The advantages of this new system were not known until it was in full operation. Soon afterwards steam was introduced into the kitchen. It was everywhere considered a blessing, savings on an average twenty to twenty-five dollars a day. The administration took this occasion to raise the terms for board $20, and no one found fault.
The water is conveyed from the little lake you see gleaming beyond the trees into these two large boilers, whence it is conducted throughout the establishment, supplying also the water necessary for washing and other purposes. In the basement is the engine-room; above it a large and commodious bath-room, with a limited number of private closets, supplied with hot and cold water by pipes from the apparatus below. These are devoted to the use of the students of the University, during that season in which open air bathing is impracticable: and a perfect routine has been established, by which each student, in his turn, is enabled to enjoy the advantages of a bath as often as may be necessary. We need not say how much this advantage contributes to the happiness as well as to the hygienic welfare of the College. All who have ever tried it, we are sure, appreciate the comforts of a good bath.
[1899] Each of the buildings on the campus had had its own heating plant. This was expensive and wasteful. Together, Fathers Zahm and Morrissey determined on the erection of a central plant that would heat all the buildings. The plant was built on the site, approximately, of the present infirmary. It was considered quite an achievement. In fact, the builders sent a model of their work to the Paris exposition of 1900.
Until 1885 gasoline lamps had been the only source of artificial light in the buildings. When coal-gas lights came into use, the University planned to install them for, "although gasoline gives a nice, mild light, yet the experience of the past few years has been attended with many complaints, particularly because of the unsteady, variable nature of the light with its accompanying discomforts in reading and study." The University planned to have its own gas works in the rear of the College with a capacity of 15,000 cubic feet. The project, however, fell through when the contractors failed to keep their contract. This ultimately was no disappointment but rather "a source of pleasure to the authorities" because of the decision to introduce instead "the incandescent electric light" just developed by Edison. The first lights were installed in the corridors and study halls of the Main Building in September, 1885. The next month the crown on the statue of Our Lady on the Dome and the crescent at her feet were illuminated. So successful were the first lights that Father Walsh arranged to have nearly all the buildings lighted with electricity. The Edison Electric Light Company donated the dynamo, and the Armington and Sims Company gave the high-speed, low-pressure engine which supplied the power. The new electric light was "in every way a cleaner, brighter, and steadier illuminant than anything we have yet seen, and by reason of its brightness and absolute steadiness it is as easy on the eyes as sunlight itself." Almost equally wonderful as the light itself was its adaptability: "the lamps -- from two to six in a room -- are each suspended from the ceiling by two handsome, flexible, silk-covered wires, twisted together in the form of a cord, which supply the current.
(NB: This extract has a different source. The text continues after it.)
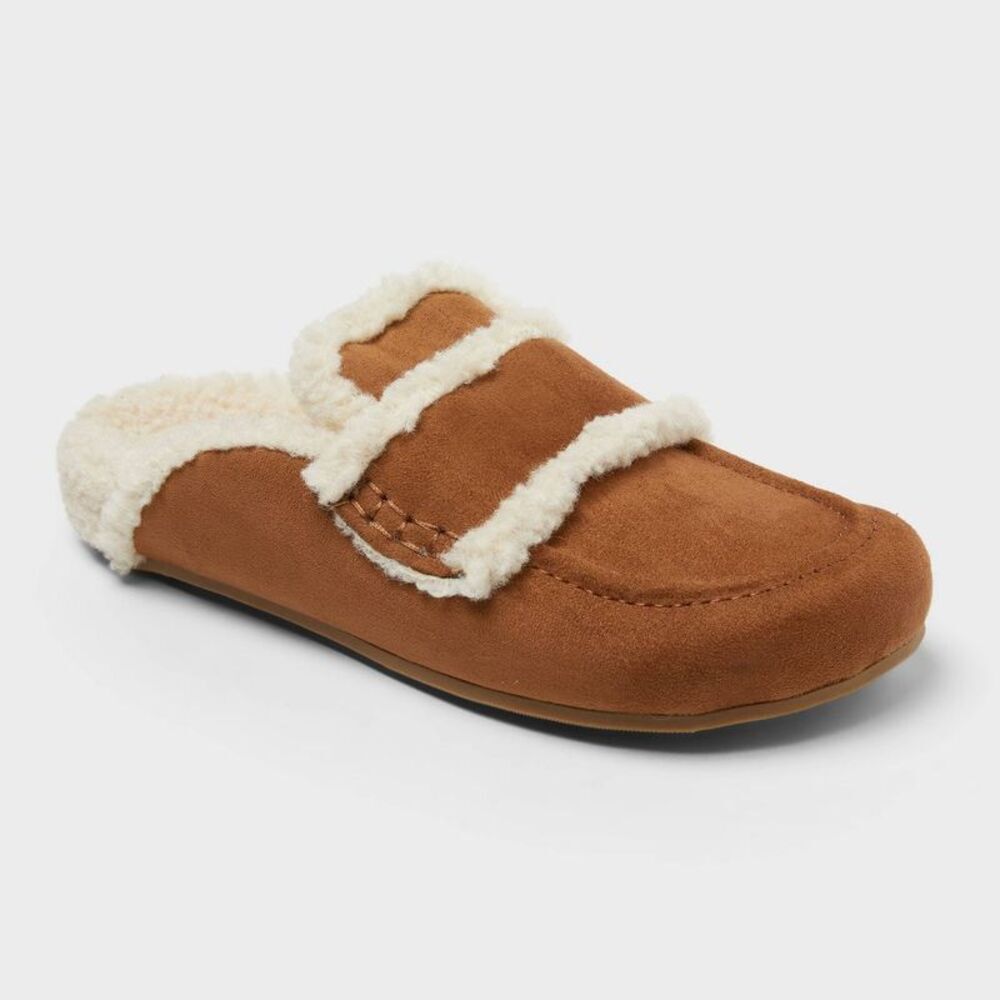 Women’s Lucie Cozy Lined Footbed Flats - A New Day Tan 9.5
This arrangement allows a lamp to be brought to almost any position, thus securing the best effect in demonstration."
Before Edison had produced his incandescent lamp, several scientists in the seventies had produced good arc lights. At Notre Dame Father Zahm proposed lighting the grounds of the University with arc lights. It was one of those proposals which required success before being applauded. It was a real novelty when Zahm succeeded in October, 1881. For the student, it meant that he could take his recreation outside after supper. The Light Guards of Colonel Elmer Otis celebrated the occasion with a drill under the artificial lights.
It seems probable that Notre Dame was the first American college to have electric lights, if we can believe the claims of the New York Electrical Review. In March, 1887, a student of Bowdoin College wrote to the Review that Bowdoin was going to be the first college in America to be lighted by electricity. In reply, the Review pointed out that the arc light had been in use at Notre Dame since 1881 to illuminate the recreation grounds and that the incandescent lamp had been in use since 1885.